Por tudo isto, permitam-me que não possa senão sentir-me absolutamente indignado e ultrajado como ser humano, regressado à humanidade, com o que aconteceu hoje na montanha da Pena, em Guimarães, onde uma aglomeração de pessoas se concentrou, como se enviadas ao passado numa máquina do tempo, para obter a indulgência plenária do Papa Francisco através do cardeal D. Manuel Monteiro de Castro. Um Papa que tem tanto de frescura como de obscuridade, tanto de novidade institucional como de regressão doutrinal. Vestidas com roupas medievais, mais rudes, aquelas simples pessoas não seriam em nada diferentes das que num passado não muito longínquo, mas obliterado pela evolução, se vendiam e entregavam compulsivamente aos biltres exploradores de consciências, enrolados em sotainas, comprando a cura da doença por eles mesmos inventada. A um povo ignorante e temente qualquer promessa de salvação e cura é vendida com o mesmo despudor e aceitação que a mercadoria contrafeita de um vendedor de banha da cobra num qualquer mercado de província. Sobretudo se for anunciada como sendo grátis.

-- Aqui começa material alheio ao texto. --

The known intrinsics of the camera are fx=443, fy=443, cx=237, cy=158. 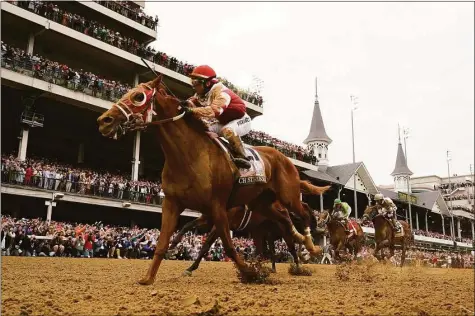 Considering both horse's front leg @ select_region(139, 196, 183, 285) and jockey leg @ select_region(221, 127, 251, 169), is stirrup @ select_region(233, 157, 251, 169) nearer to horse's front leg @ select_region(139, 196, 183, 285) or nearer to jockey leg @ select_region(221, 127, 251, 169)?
jockey leg @ select_region(221, 127, 251, 169)

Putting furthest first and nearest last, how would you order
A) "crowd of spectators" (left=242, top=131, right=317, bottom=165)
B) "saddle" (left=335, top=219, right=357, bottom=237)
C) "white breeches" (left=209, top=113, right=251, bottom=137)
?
"crowd of spectators" (left=242, top=131, right=317, bottom=165), "saddle" (left=335, top=219, right=357, bottom=237), "white breeches" (left=209, top=113, right=251, bottom=137)

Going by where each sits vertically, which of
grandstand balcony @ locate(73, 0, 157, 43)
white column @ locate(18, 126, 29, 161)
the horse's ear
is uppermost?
grandstand balcony @ locate(73, 0, 157, 43)

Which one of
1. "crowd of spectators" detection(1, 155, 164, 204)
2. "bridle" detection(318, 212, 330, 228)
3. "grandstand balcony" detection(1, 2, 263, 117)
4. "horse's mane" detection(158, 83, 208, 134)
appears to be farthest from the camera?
"grandstand balcony" detection(1, 2, 263, 117)

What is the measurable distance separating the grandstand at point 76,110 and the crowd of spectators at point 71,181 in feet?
0.18

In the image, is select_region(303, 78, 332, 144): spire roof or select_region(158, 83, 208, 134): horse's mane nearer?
select_region(158, 83, 208, 134): horse's mane

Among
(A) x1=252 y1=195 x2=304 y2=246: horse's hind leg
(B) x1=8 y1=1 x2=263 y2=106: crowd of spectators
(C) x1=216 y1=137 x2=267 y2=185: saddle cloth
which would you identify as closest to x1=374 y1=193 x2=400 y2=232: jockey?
Result: (A) x1=252 y1=195 x2=304 y2=246: horse's hind leg

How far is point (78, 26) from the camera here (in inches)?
1073

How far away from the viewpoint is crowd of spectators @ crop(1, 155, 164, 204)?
2172 cm

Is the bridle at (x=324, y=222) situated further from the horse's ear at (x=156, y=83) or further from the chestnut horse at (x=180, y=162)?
the horse's ear at (x=156, y=83)

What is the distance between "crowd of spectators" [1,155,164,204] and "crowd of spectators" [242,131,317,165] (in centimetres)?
938

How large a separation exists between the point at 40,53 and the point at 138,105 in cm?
2630

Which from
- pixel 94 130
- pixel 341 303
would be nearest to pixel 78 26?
pixel 94 130

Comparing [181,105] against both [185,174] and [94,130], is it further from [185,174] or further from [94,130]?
[94,130]

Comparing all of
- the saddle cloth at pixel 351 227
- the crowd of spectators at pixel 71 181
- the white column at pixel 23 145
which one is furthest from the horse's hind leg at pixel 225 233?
the white column at pixel 23 145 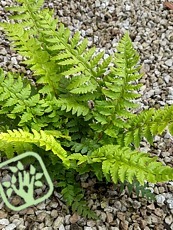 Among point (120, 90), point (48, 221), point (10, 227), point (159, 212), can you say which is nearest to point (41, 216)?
point (48, 221)

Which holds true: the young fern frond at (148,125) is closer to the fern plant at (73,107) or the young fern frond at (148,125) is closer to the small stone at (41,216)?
the fern plant at (73,107)

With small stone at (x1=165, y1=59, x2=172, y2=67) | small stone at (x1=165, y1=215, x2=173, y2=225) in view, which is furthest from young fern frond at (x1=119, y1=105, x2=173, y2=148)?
small stone at (x1=165, y1=59, x2=172, y2=67)

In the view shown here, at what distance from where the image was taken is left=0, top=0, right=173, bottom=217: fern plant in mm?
2146

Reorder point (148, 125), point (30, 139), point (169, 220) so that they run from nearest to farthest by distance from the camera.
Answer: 1. point (30, 139)
2. point (148, 125)
3. point (169, 220)

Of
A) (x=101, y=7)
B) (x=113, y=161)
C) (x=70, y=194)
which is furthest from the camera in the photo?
(x=101, y=7)

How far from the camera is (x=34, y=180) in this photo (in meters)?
2.26

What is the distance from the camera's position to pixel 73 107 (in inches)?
87.6

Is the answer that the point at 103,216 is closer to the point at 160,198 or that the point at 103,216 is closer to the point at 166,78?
the point at 160,198

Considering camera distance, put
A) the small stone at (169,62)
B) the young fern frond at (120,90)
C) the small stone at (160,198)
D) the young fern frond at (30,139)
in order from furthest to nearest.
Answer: the small stone at (169,62) < the small stone at (160,198) < the young fern frond at (120,90) < the young fern frond at (30,139)

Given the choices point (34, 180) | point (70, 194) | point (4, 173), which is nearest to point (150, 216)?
point (70, 194)

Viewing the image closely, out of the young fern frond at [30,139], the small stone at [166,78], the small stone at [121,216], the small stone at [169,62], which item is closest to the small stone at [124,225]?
the small stone at [121,216]

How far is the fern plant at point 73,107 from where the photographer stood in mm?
2146

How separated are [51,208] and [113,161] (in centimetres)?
44

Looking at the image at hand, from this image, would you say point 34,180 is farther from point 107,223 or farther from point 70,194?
point 107,223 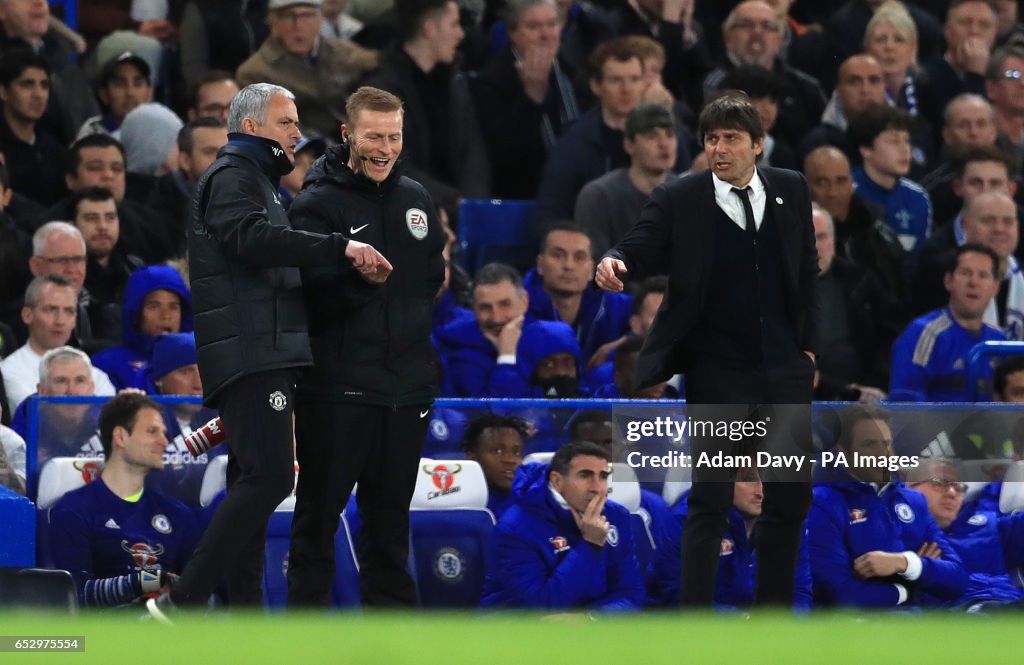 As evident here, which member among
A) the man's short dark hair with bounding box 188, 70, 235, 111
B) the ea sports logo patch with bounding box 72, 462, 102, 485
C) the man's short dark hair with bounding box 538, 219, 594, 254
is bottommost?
the ea sports logo patch with bounding box 72, 462, 102, 485

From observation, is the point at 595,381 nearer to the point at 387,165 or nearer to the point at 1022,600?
the point at 1022,600

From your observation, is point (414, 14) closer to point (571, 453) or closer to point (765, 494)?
point (571, 453)

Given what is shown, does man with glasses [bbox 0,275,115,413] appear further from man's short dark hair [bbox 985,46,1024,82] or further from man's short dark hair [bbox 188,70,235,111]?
man's short dark hair [bbox 985,46,1024,82]

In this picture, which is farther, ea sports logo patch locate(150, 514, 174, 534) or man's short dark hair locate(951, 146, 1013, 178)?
man's short dark hair locate(951, 146, 1013, 178)

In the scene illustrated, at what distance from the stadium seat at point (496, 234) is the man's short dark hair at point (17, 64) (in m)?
2.68

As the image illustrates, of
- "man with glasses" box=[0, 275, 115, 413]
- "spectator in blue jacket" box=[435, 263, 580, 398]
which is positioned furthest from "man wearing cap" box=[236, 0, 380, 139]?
"man with glasses" box=[0, 275, 115, 413]

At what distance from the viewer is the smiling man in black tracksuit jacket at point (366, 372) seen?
25.9ft

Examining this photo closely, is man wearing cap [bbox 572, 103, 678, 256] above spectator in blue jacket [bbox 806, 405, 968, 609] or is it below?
above

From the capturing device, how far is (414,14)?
13281mm

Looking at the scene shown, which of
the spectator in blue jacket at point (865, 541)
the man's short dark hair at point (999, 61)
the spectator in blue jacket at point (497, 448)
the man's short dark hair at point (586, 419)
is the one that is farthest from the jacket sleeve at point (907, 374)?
the man's short dark hair at point (999, 61)

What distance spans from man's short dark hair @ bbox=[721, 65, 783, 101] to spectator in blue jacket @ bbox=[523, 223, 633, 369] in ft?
7.18

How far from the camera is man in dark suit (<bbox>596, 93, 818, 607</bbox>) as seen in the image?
316 inches

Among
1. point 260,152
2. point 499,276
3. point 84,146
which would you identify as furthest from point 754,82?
point 260,152

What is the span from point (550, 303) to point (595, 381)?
0.95 metres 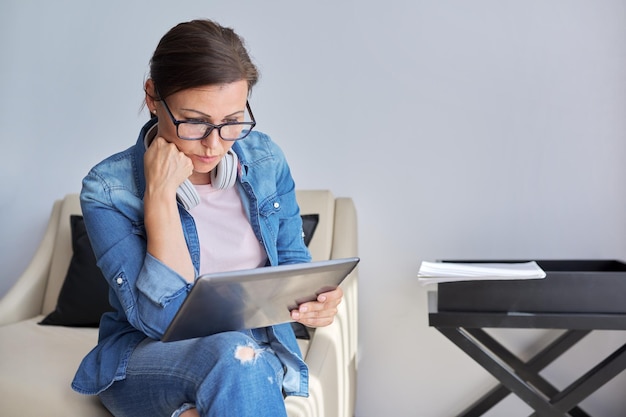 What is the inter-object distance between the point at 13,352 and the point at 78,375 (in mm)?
644

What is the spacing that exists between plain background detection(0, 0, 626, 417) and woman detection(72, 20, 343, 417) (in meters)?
0.96

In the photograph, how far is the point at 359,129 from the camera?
2.47 meters

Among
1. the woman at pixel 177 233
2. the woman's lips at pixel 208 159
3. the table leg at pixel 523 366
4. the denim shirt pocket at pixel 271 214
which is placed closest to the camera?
the woman at pixel 177 233

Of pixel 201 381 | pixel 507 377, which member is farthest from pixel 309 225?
pixel 201 381

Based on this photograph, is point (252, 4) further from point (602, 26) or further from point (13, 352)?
point (13, 352)

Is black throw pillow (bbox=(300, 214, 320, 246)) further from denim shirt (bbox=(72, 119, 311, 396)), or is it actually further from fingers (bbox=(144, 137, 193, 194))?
fingers (bbox=(144, 137, 193, 194))

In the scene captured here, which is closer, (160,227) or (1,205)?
(160,227)

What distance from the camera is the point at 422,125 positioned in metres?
2.41

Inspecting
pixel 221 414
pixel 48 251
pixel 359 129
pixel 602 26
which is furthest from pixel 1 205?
pixel 602 26

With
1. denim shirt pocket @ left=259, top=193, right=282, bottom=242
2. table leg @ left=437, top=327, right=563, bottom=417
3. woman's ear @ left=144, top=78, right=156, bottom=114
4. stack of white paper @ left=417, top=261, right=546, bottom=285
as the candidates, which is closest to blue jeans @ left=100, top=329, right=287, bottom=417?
denim shirt pocket @ left=259, top=193, right=282, bottom=242

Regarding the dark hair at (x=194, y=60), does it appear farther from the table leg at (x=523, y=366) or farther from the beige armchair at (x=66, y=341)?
the table leg at (x=523, y=366)

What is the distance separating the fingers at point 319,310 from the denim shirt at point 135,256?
0.12m

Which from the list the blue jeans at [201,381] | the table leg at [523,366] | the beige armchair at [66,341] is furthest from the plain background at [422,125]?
the blue jeans at [201,381]

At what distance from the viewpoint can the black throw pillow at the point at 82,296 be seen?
7.68ft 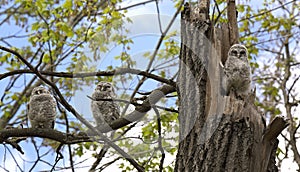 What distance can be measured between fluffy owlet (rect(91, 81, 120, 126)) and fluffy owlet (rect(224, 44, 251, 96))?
211 cm

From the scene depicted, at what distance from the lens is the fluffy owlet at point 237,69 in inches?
164

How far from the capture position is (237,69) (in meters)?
4.30

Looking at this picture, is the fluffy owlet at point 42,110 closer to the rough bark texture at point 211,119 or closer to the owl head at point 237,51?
the rough bark texture at point 211,119

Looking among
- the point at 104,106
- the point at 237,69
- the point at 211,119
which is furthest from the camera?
the point at 104,106

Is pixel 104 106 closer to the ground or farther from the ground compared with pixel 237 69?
closer to the ground

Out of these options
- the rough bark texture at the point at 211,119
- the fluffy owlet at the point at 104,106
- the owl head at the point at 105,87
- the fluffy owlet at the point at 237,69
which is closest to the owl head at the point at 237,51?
the fluffy owlet at the point at 237,69

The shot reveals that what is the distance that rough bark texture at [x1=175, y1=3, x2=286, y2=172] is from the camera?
12.1 feet

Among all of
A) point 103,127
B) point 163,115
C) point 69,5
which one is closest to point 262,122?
point 103,127

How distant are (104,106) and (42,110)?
763mm

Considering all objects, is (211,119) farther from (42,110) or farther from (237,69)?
(42,110)

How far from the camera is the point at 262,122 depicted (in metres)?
3.81

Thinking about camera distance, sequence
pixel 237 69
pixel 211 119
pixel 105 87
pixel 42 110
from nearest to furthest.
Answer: pixel 211 119 → pixel 237 69 → pixel 42 110 → pixel 105 87

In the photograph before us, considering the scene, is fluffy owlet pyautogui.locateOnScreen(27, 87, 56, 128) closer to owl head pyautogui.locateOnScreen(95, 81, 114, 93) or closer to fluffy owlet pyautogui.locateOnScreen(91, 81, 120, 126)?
fluffy owlet pyautogui.locateOnScreen(91, 81, 120, 126)

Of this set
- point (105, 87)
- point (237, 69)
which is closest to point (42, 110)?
point (105, 87)
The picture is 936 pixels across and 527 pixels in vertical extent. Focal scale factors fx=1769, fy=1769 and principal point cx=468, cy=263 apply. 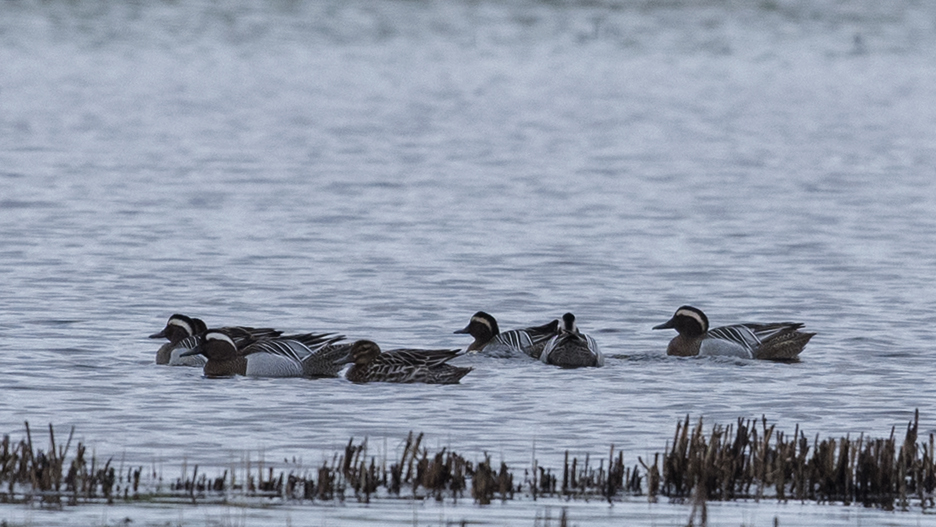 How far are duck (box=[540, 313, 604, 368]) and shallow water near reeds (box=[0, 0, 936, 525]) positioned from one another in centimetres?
15

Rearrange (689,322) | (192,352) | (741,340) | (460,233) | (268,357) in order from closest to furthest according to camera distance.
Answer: (268,357) → (192,352) → (741,340) → (689,322) → (460,233)

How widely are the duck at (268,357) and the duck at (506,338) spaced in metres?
1.69

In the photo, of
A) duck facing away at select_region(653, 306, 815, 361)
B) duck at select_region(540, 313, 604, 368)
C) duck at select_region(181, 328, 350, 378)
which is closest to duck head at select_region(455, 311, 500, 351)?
duck at select_region(540, 313, 604, 368)

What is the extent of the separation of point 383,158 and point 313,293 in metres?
15.5

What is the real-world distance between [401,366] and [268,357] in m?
1.20

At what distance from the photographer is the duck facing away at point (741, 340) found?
51.3ft

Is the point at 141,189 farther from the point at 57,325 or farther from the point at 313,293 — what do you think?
the point at 57,325

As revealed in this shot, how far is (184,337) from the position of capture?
15.1 m

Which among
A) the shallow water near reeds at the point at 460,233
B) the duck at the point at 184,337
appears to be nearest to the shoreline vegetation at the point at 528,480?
the shallow water near reeds at the point at 460,233

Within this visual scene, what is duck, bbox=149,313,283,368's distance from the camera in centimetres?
1485

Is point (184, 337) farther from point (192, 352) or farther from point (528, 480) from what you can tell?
point (528, 480)

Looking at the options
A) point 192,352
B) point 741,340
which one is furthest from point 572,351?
point 192,352

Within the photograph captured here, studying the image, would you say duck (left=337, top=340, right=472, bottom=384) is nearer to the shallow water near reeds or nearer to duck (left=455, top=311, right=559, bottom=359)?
the shallow water near reeds

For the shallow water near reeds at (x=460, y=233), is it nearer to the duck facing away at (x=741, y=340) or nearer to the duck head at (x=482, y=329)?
the duck facing away at (x=741, y=340) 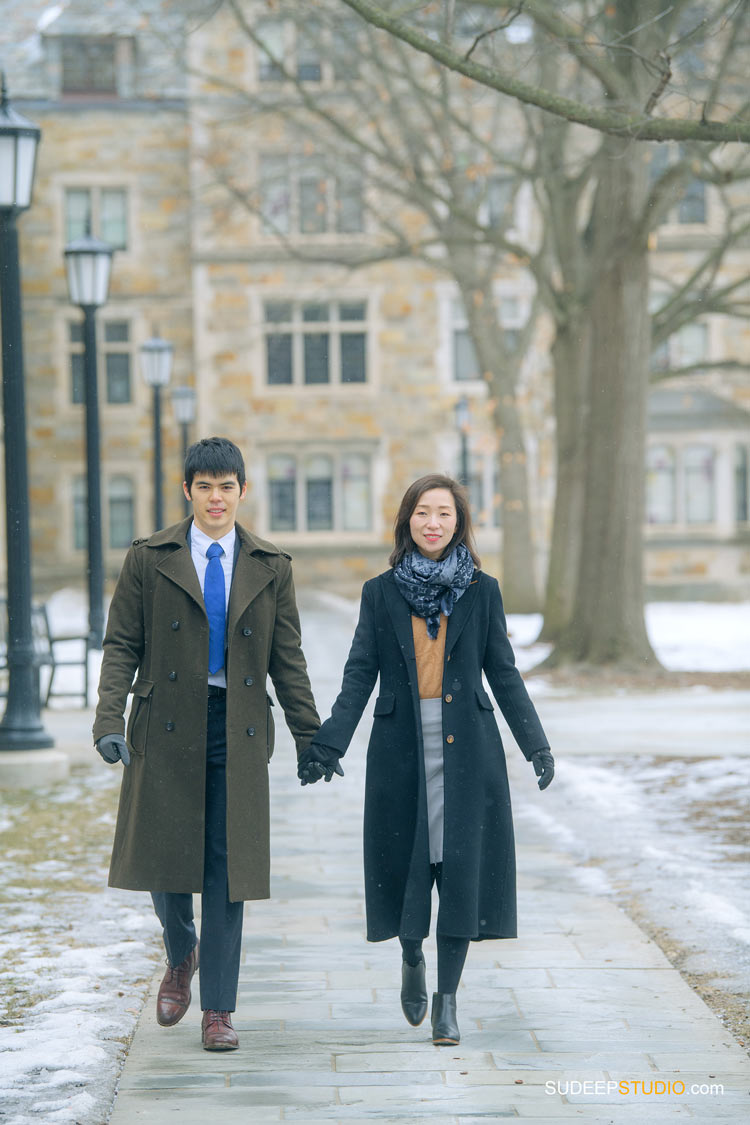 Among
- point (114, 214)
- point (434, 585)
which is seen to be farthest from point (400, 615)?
point (114, 214)

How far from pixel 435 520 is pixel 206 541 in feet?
2.25

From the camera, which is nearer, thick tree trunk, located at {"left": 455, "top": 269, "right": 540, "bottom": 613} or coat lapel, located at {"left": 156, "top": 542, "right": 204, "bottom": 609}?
coat lapel, located at {"left": 156, "top": 542, "right": 204, "bottom": 609}

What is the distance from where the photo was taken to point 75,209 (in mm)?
36219

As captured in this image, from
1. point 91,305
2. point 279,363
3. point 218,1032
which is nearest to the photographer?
point 218,1032

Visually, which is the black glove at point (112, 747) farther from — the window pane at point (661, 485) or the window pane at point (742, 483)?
the window pane at point (742, 483)

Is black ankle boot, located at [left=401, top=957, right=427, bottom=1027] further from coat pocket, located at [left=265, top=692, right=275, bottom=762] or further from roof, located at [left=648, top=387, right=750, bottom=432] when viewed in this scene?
roof, located at [left=648, top=387, right=750, bottom=432]

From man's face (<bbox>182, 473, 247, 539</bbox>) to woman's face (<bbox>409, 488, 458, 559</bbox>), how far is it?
0.53 m

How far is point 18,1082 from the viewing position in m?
4.18

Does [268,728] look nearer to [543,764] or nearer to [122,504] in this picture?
[543,764]

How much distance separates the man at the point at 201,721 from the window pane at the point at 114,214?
3265 centimetres

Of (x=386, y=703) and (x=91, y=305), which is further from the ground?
(x=91, y=305)

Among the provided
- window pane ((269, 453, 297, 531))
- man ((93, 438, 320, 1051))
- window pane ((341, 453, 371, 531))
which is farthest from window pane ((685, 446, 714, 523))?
man ((93, 438, 320, 1051))

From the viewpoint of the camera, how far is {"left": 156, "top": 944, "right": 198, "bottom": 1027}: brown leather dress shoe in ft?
15.6

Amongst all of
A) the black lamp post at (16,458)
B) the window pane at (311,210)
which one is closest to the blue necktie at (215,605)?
the black lamp post at (16,458) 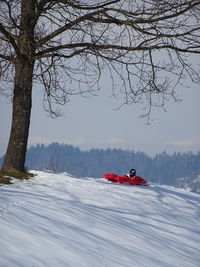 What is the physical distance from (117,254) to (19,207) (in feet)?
4.99

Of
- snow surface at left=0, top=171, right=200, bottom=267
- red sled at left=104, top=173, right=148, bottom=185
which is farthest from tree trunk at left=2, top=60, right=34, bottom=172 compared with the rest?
red sled at left=104, top=173, right=148, bottom=185

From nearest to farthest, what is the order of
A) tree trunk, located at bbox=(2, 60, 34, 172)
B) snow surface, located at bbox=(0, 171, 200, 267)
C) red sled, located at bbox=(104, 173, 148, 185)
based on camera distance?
snow surface, located at bbox=(0, 171, 200, 267) < tree trunk, located at bbox=(2, 60, 34, 172) < red sled, located at bbox=(104, 173, 148, 185)

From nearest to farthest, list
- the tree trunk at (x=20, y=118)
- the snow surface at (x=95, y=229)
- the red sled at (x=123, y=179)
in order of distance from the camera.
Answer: the snow surface at (x=95, y=229)
the tree trunk at (x=20, y=118)
the red sled at (x=123, y=179)

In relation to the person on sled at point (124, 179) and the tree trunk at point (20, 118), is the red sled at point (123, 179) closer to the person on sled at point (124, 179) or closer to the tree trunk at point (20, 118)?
the person on sled at point (124, 179)

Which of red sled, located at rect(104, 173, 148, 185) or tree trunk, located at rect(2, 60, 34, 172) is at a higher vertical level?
tree trunk, located at rect(2, 60, 34, 172)

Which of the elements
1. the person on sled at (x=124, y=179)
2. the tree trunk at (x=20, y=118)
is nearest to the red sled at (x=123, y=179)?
the person on sled at (x=124, y=179)

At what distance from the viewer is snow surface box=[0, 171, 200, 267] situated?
13.9ft

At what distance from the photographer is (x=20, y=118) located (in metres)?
10.5

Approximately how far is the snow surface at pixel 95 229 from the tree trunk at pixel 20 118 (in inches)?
60.2

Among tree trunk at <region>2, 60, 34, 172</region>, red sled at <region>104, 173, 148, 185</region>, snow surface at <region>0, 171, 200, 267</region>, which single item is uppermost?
tree trunk at <region>2, 60, 34, 172</region>

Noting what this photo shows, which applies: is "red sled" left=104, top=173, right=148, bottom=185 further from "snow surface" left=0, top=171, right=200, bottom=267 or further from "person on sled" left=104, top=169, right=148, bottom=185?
"snow surface" left=0, top=171, right=200, bottom=267

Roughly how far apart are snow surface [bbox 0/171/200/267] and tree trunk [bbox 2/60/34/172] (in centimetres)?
153

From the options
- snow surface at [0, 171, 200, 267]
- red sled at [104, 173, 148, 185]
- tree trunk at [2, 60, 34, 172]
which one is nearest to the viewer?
snow surface at [0, 171, 200, 267]

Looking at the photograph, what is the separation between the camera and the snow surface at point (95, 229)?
13.9ft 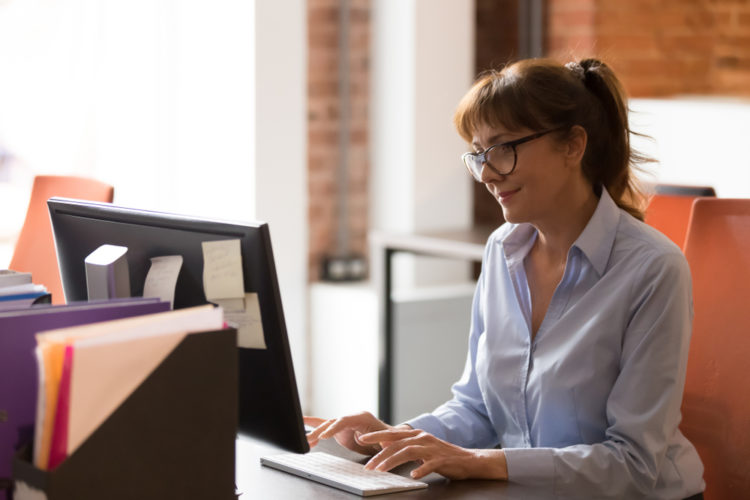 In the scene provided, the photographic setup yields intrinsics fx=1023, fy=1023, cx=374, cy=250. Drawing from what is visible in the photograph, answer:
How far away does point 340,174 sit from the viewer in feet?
13.4

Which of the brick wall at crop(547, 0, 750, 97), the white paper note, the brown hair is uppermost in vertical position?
the brick wall at crop(547, 0, 750, 97)

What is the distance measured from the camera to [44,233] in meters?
2.53

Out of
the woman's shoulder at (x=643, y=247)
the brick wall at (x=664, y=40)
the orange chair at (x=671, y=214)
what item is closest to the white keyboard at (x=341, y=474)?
the woman's shoulder at (x=643, y=247)

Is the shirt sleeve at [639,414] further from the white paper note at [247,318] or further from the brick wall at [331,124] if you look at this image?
the brick wall at [331,124]

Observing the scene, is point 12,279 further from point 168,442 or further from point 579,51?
point 579,51

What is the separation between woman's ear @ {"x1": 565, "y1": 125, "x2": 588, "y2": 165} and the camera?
1.69 metres

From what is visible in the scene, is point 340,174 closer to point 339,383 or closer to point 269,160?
point 269,160

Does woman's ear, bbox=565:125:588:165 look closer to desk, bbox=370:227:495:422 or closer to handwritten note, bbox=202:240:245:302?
handwritten note, bbox=202:240:245:302

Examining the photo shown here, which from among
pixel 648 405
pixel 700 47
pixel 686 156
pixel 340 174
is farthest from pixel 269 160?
pixel 648 405

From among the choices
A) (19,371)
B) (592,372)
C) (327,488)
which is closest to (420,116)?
(592,372)

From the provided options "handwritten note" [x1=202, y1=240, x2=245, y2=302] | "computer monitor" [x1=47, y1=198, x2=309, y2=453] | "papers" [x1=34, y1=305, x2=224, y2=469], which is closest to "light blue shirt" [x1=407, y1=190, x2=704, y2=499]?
"computer monitor" [x1=47, y1=198, x2=309, y2=453]

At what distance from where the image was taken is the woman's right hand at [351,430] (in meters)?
1.53

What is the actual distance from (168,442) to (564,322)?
0.77 m

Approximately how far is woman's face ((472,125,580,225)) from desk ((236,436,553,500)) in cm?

Diz o Jornal de Notícias do século XXI que se fez história, apesar de as hóstias consagradas terem esgotado. O problema seria resolvido por wi-fi, por rádio ou televisão. O passado a repetir-se no presente por meios que o futuro antecipou. O obscurantismo a alardear-se, a procurar sobreviver. A mentira e a mediocridade exploratória de uma instituição ancestral a impor-se a um povo que se mantém ignorante porque quem tem a capacidade para o educar sobrevive parasitando essa mesma ignorância. Uma ignorância que cultiva o sofrimento e a submissão, porque incapaz do prazer e da serenidade da compreensão.
Sabemos que nem todos os crentes são ignorantes das realidades e vicissitudes existenciais. Muitos dos que eu tenho visto a derreterem-se em elogios a este novo Papa (tal como se derretiam aos outros que o antecederam), são pessoas de bem, cultas, informadas, perspicazes. Apenas uma coisa nos distingue: a cobardia moral e intelectual. A cobardia que os impede de reconhecer a exploração da ignorância mais primitiva com que tanto se ofendem sempre que equiparados no mesmo patamar de irracionalidade por qualquer descrente mais visceral.
A religião organizada, com as suas crenças, dogmas e doutrinas, não foi criada para proteger os mais fracos. Foi e continua a ser um método eficaz de os multiplicar, porque lhes transmite a ilusão de os fortalecer, enfraquecendo-os.
Um placebo, portanto. Tal como o meu cinismo.